Preface

The functional and structural integration between different subcellular compartments is essential for the proper function of a cell. At each organelle, different molecular sentinels permanently sense stressful cellular conditions and initiate complex responses that aim either to adapt to the new conditions restoring homeostasis, or to induce cell suicide to eliminate the damaged cell. One particular organelle, the endoplasmic reticulum (ER), had merged as a main subcellular compartment affected in diverse pathological conditions as diverse as cancer, diabetes, and brain disorders. The ER has important roles in physiology including regulating and executing many post-translational modifications of proteins, ensuring their proper folding and facilitating formation of functional protein complexes. The ER is also the place where the biosynthesis of steroids, cholesterol, and other lipids occurs, playing a crucial role in organelle biogenesis and signaling through the generation of lipid second messengers. The ER is well-known as a major calcium store in the cells and thus constitutes a signaling organelle that modulates many cellular processes including proliferation, cell death and differentiation via calcium release.

A number of physiological and pathological conditions alter the protein folding status at the ER, leading to the accumulation of unfolded or misfolded proteins in the ER lumen, a cellular condition referred as “ER stress”. ER stress triggers a complex adaptive reaction known as the unfolded protein response (UPR), which aims the restoration of the homeostasis of this organelle.
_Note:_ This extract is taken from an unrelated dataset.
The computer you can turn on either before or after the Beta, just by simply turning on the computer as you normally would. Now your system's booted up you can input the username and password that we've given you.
Activation of the UPR affects the expression of proteins involved in nearly every aspect of the secretory pathway, including protein entry into the ER, folding, glycosylation, ER-associated degradation (ERAD), ER biogenesis, lipid metabolism and vesicular trafficking. The UPR restores the folding capacity to decrease unfolded protein load. Different physiological conditions can induce the UPR by increasing the demand of protein synthesis/secretion or by the generation of excessive misfolded proteins as described for B lymphocytes and pancreatic β cells. Also, abnormal metabolic conditions, such as glucose deprivation can trigger the UPR. Components of the ER stress pathway have been shown to be an important factor for tumor survival and growth due to an adaptation to hypoxia conditions. In addition, in different neurodegenerative conditions associated with protein misfolding (including Huntington's disease, Alzheimer's, Prion-related disorders, amyotrophic lateral sclerosis and others), an irreversible alteration of ER homeostasis has been proposed to be a critical mediator of neuronal dysfunction.
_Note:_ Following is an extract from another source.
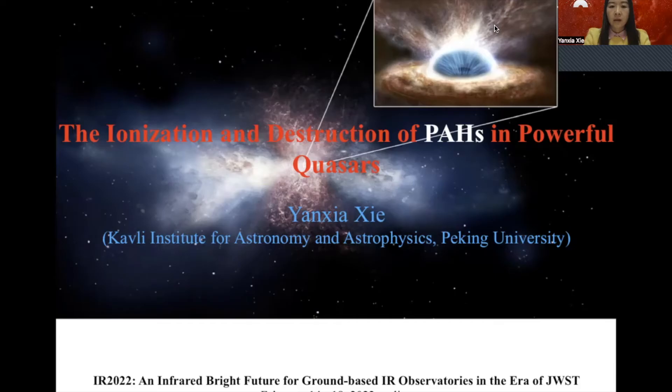Hi, everyone. This is Yan Xiaxie. Thanks to SOC for giving me the opportunity to present my work in this conference. I'm going to talk about the PAH properties in low-redshift quasars.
In this book we put together many specialized chapters discussing the emerging role of ER stress and protein misfolding in diverse pathologies. Dr. Fumico Urano from UMASS gives a comprehensive summary of the experimental data supporting the role of the UPR in diabetes. Crucial mediators in the alleviation of the stress in the ER are protein chaperones and foldases of the Glucose Regulated Protein (GRPs) family. Amy Lee, one of the pioneers in the study of GRPs in apoptosis and ER stress, presents an overview of the multiple functional roles of this family of proteins in cancer. Randal Kaufman, a recognized pioneer in the field, prepared a detailed analysis of the function and interconnection between different UPR signaling pathways.

Accumulation of abnormal protein aggregates composed of misfolded proteins is a common denominator in many neurological disorders. Diferent specialist in diverse neurological disorders, including Drs. Julie Atkin, Hidenori Hichijo, Takashi Momoi, Othman Ghribi, Nibaldo Inestrosa, Claudio Soto, and myself, discuss recent evidences suggesting the involvement of ER stress and other signaling pathways in protein misfolding disorders affecting the nervous system and the possible therapeutic benefits of targeting the UPR. As the reader will conclude from this selected group of chapters, pharmacological targeting of different components of the UPR/ER stress pathway may have therapeutic application for the treatment of many pathological conditions, such as diabetes, cancer and neurological disorders.